Two sections come to my mind, here. First, where Paul said, "I know that you want to know about certain foods..." then he suddenly started talking about the vanity of knowledge and the better way, which is love.

1 Cor 8:1 "Now concerning things sacrificed to idols, we know that we all have knowledge. Knowledge makes arrogant, but love edifies. 2 If anyone supposes that he knows anything, he has not yet known as he ought to know; 3 but if anyone loves God, he is known by Him.…"

The way is not to scrupulously parse the rule book, but rather to love one another. True knowledge is not objective fact closely held but rather to love. Paul was not interested in answering their question so much as re-directing their inquiry, and focus.
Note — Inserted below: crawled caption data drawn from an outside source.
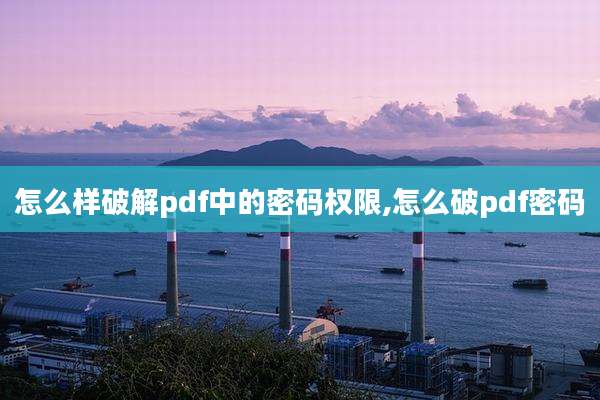 怎么样破解pdf中的密码权限,怎么破pdf密码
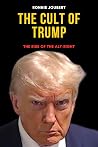 The Cult of Trump...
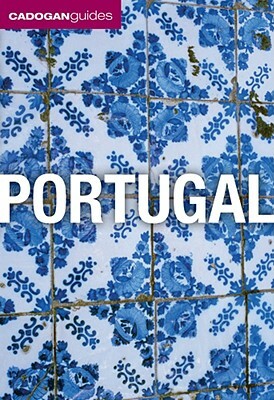 Cadogan Guide Portugal by David J. J. Evans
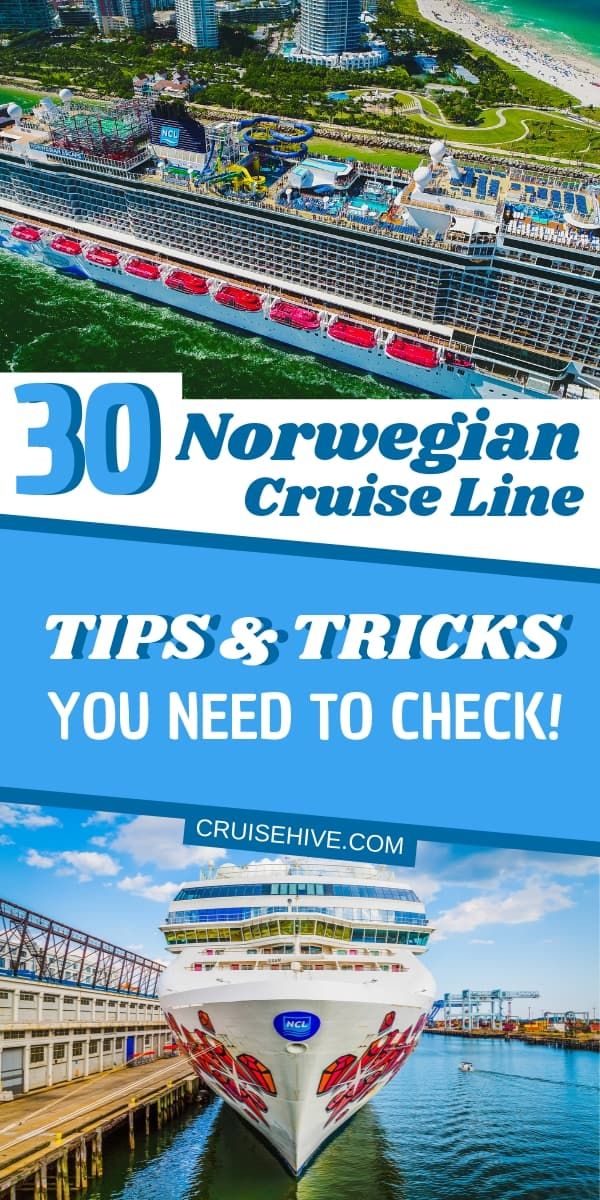 a cruise ship docked in the ocean with text overlaying it that reads 30 norwegian cruise line tips and tricks you need to check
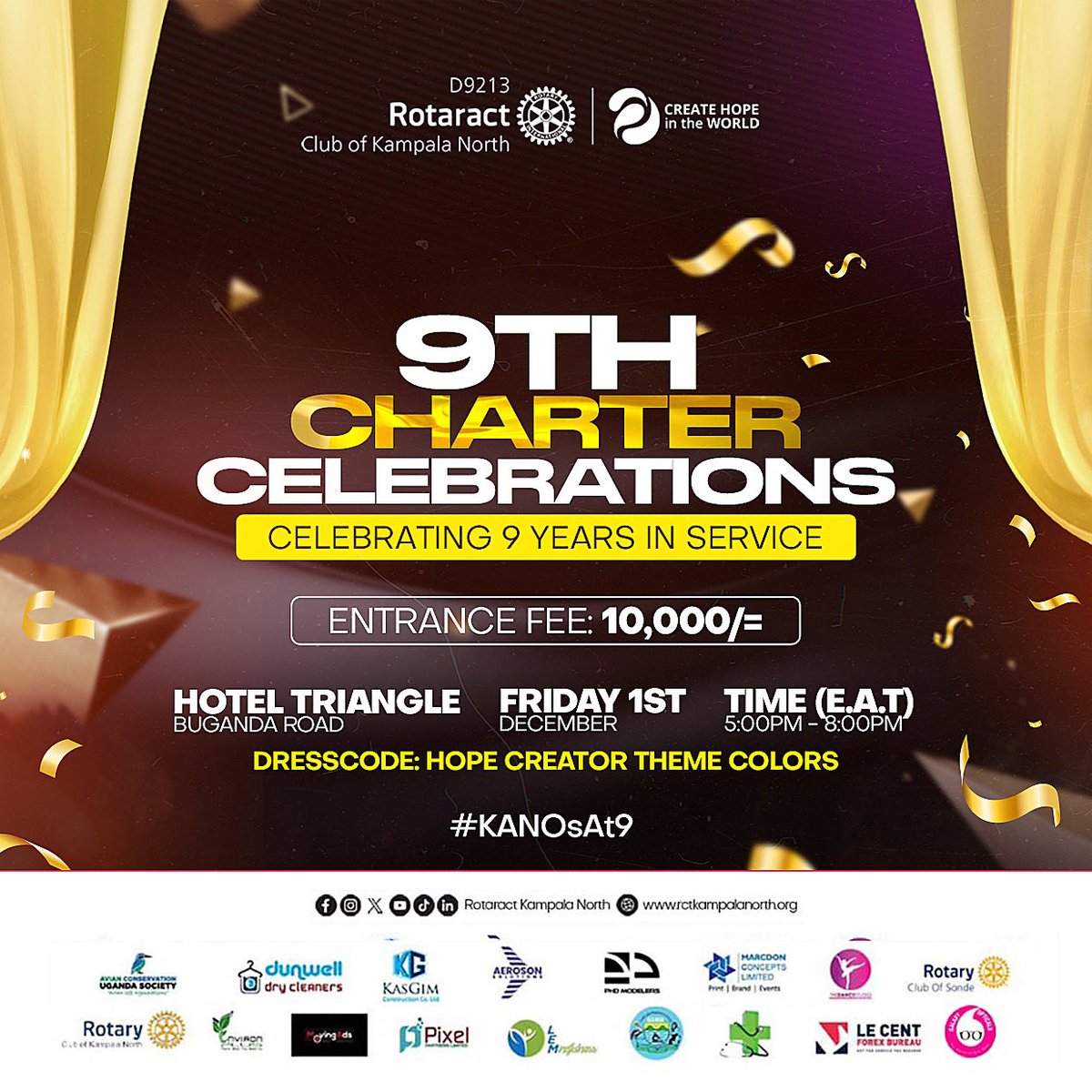 Rotaract Kampala North (@kanosug) on Twitter photo Ladies and gentlemen, after 9 incredible years of dedicated service, fellowships & fun, let's come together on December 1st to celebrate this remarkable journey. 
Join us in commemorating #KANOsAt9 – where a decade of impact meets a night of celebration! Ladies and gentlemen, after 9 incredible years of dedicated service, fellowships & fun, let's come together on December 1st to celebrate this remarkable journey. 
Join us in commemorating #KANOsAt9 – where a decade of impact meets a night of celebration!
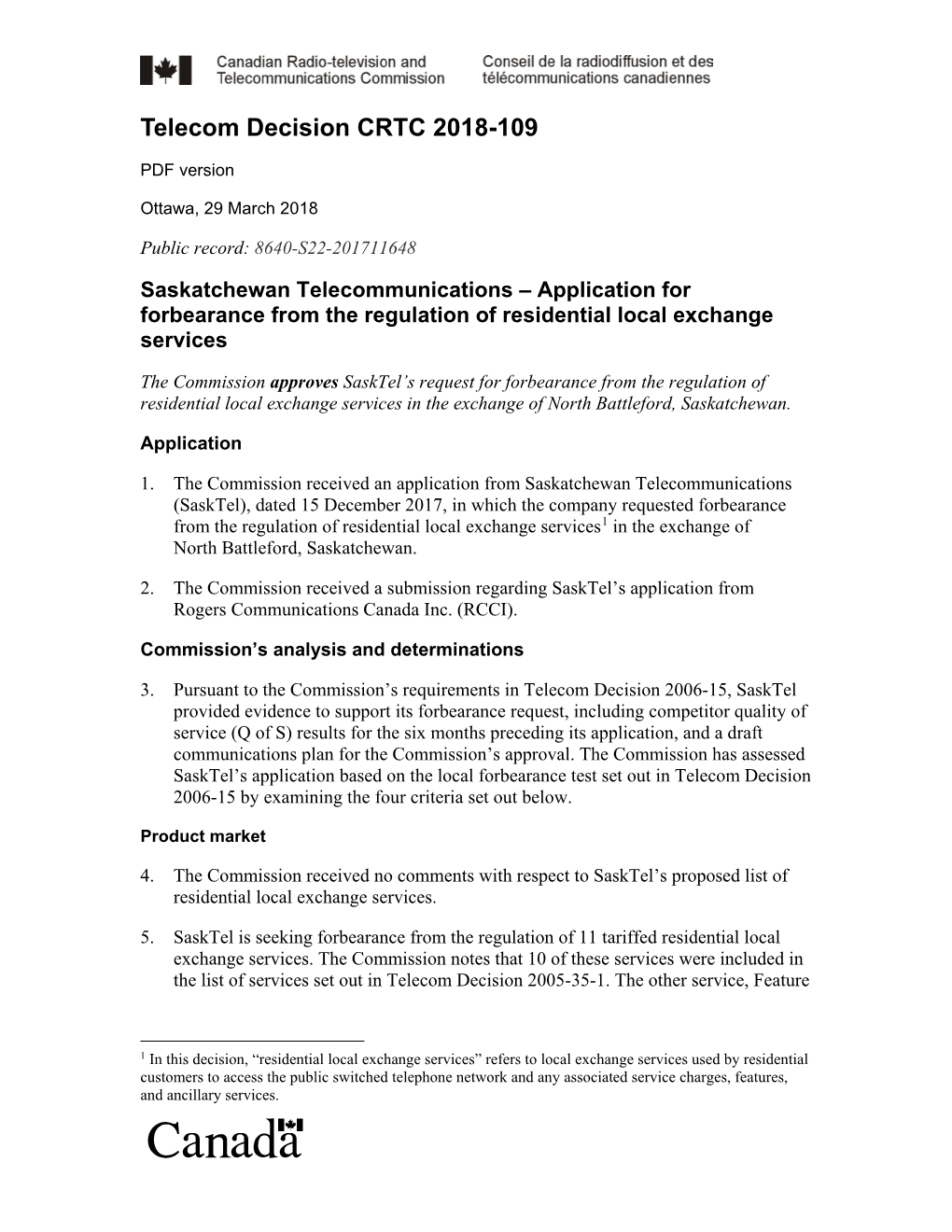 Application for Forbearance from the Regulation of Residential Local Exchange Services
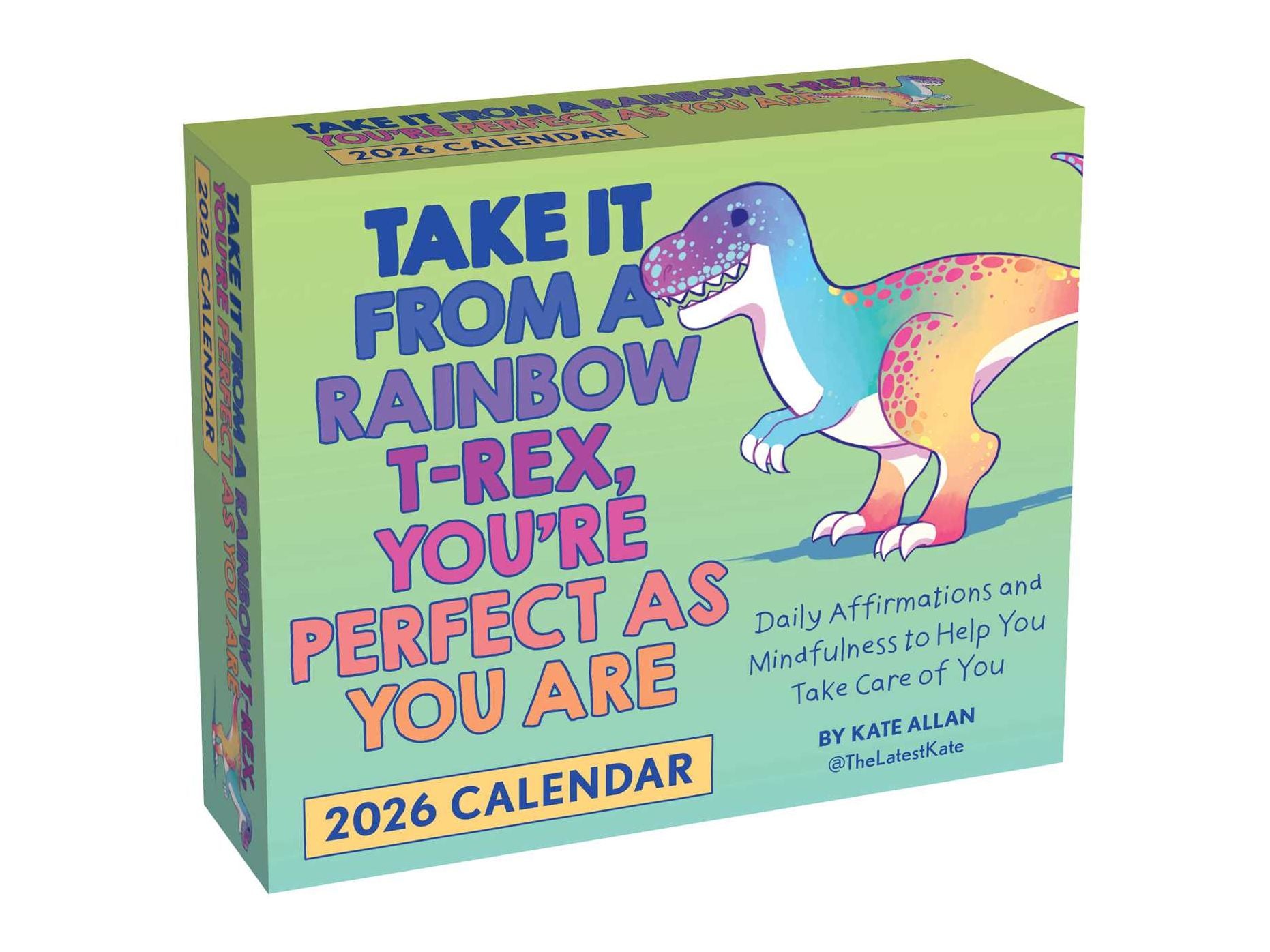2026 Take It from a Rainbow T-Rex, You're Perfect as You Are Day-to-Day Calendar
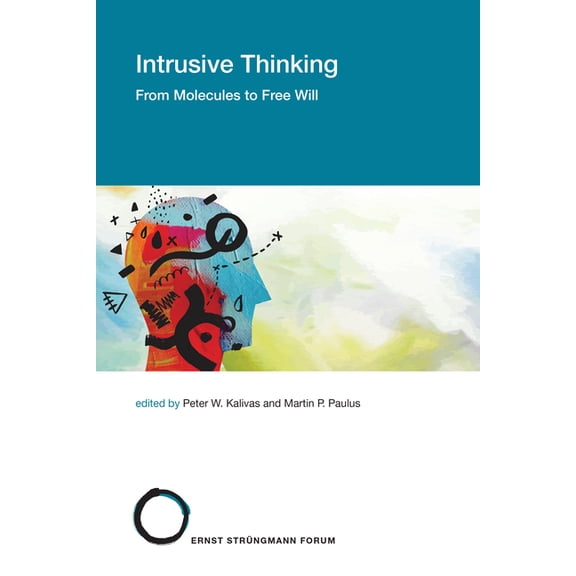 StrÃ¼ngmann Forum Reports Intrusive Thinking: From Molecules to Free Will, (Paperback)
Secondly, remember where Paul wrote "For you can all prophesy one by one, so that all may learn and all be encouraged..." in 1 Cor 14:31? WL made it appear as if the apostle was encouraging us all to stand one by one, and speak. But actually Paul was dealing with a situation in which everybody tried to speak at once, and to re-create the excitement of Pentecost. The Corinthians were going to each meeting expecting the building to shake and tongues of fire to fall, and each would shout in the language of angels (or at least in Scythian) of the mighty works of God. Paul was saying, "Calm down, be sober, speak to edify the hearers."

But Lee divorced that word from its context and it became, repeated endlessly, the basis of our "popcorn testimonies", in which we would line up behind the microphone, and one by one, tell everyone else what a revelation the latest speaking was.

Likewise, if we consider the over-all context of 1 Corinthians 15:45b we might see what the merit of OBW's comment. Perhaps Paul is not attempting to lay the foundation for someone's trinitarian dogma but rather trying to bring some measure of closure and/or restraint to what is, for the speculating Corinthians, a largely hypothetical realm.